French director Bruno Dumont on the slapstick dramedy of Ma Loute, or the art of making people laugh (or not) with incestuous, cannibalistic melodrama.
For a long while (six films in total), Bruno Dumont was notorious for his radical dramas exposing the inner travails of a bleak, often violent humanity, the kind which would typically win controversial prizes at Cannes (L’Humanité; Flandres). Although not entirely departing that register, since 2014 and his mini-series P’tit Quinquin, the former philosophy teacher has decided to explore new turf: comedy! So be prepared for a dark and subversive brand of humour, as Dumont gleefully serves us up a narrative organised around two opposing families brought together through the short-lived love of their children: grotesque upper-class bourgeoisie prone to incest, and working-class oyster farmers feeding their numerous children human flesh. Against a backdrop of the sweeping beaches of Dumont’s home region of northern France, at the height of the belle Époque in 1910, Inspecteur Machin and his sidekick Malfoy investigate the disappearance of vacationing tourists and a great, gory melodrama ensues, replete with jubilatory gags that flirt with the grotesque and flaunt political correctness, leaving a divided audience in its wake.
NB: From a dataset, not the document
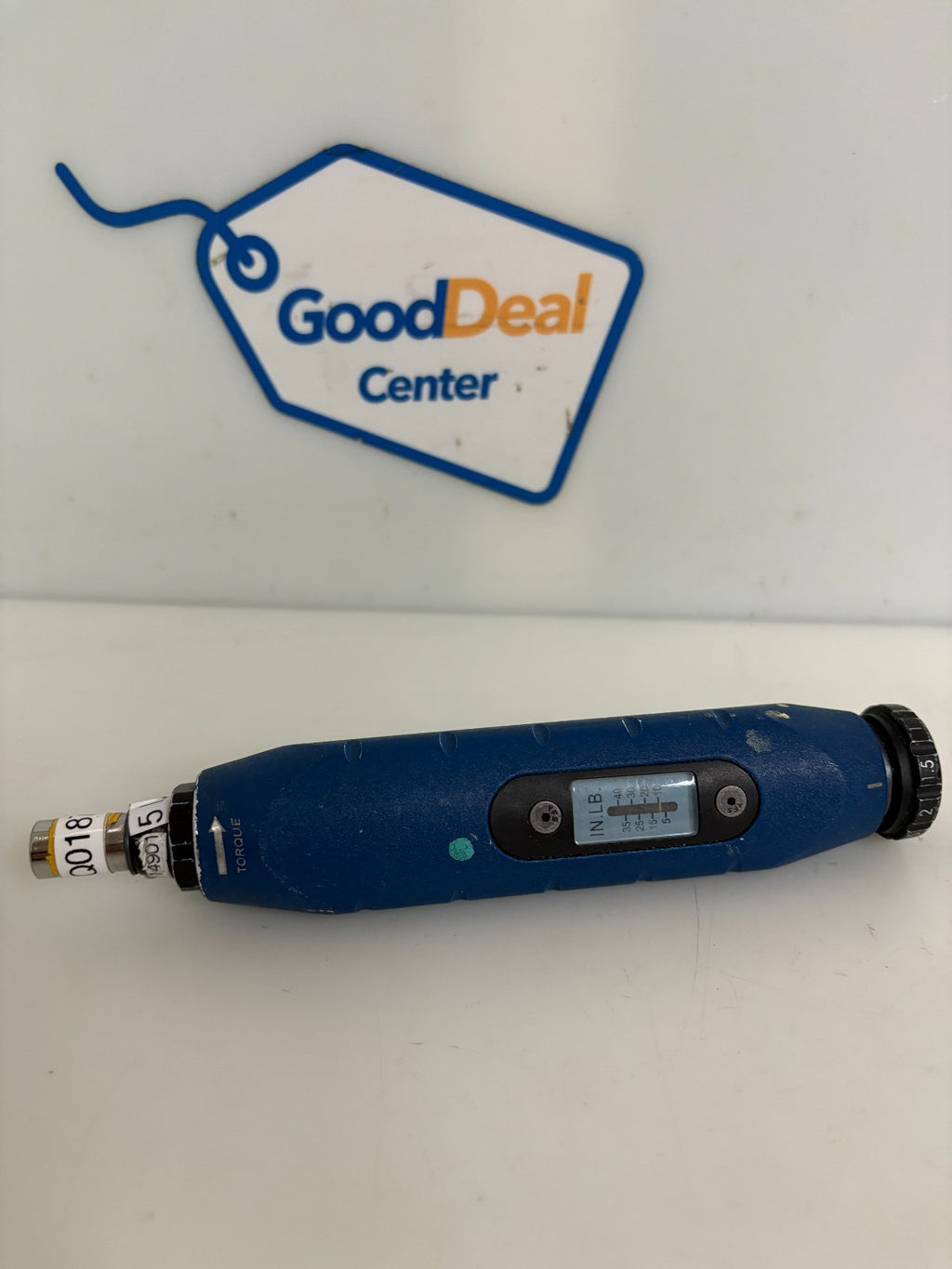 CDI TORQUE PRODUCTS TORQUE SCREWDRIVER #401SM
Before now, you weren’t known as a very fun filmmaker – your films used to be notoriously, shockingly bleak. What made you turn to comedy?
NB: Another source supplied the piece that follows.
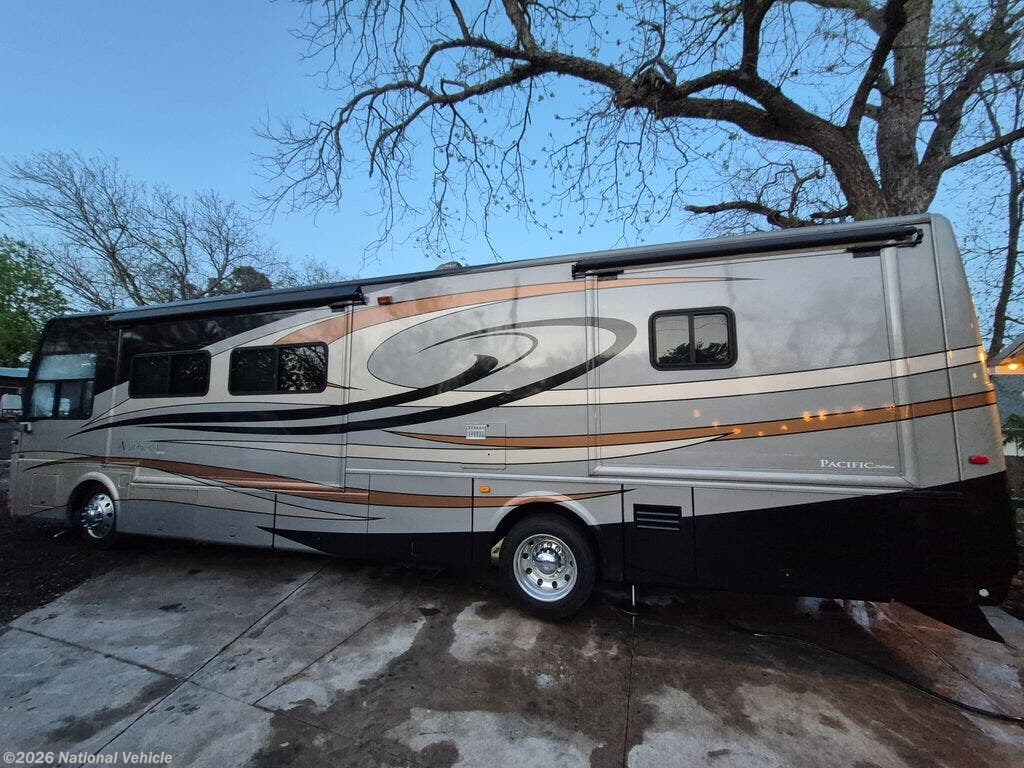 2007 Astoria Pacific 3773 by Damon from National Vehicle in Weatherford, Texas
I’ve discovered the comic potential contained in drama. While I was shooting films like Camille Claudel [with Juliette Binoche] – not a fun film at all – I realised how the tragic actor is constantly flirting with comedy. A wrong turn, and the actor might slip over the line – and it’s comedy! So that potential that’s there, ready to be released, that’s something that interested me.
So somehow, for you, the comic starts where the tragic ends – it’s a fine line…
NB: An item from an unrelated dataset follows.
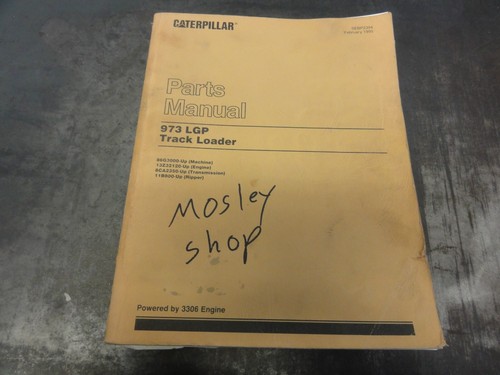 Manuale ricambi caricatore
Yes, and what’s interesting is this inner friction – the connection between the genres. And if you think about it, it’s something very natural: we, as human beings, are profoundly, chemically, both comic and dramatic. The Greeks knew this dialectical tension between the comic and the tragic. I didn’t invent anything: I’m just trying to bring them together in my films. In L’humanité the comedy was there, lurking – very third-degree, maybe, but I was already flirting with it. So I’d say it was a natural development.
On paper, Ma Loute is not a funny story at all… at which stage did it start being a comedy?
You’re right. The plot is dramatic… but then on set, you can push the actors one way or another.
Take P’tit Quinquin [a four-hour comic murder mystery for Arte in 2014]. I said I’d work on a comedy; people didn’t take me seriously. “Dumont, a comedy?!” They got the script, and it wasn’t funny at all! What was funny was the actor – the way he’s all Charlie Chaplin-like.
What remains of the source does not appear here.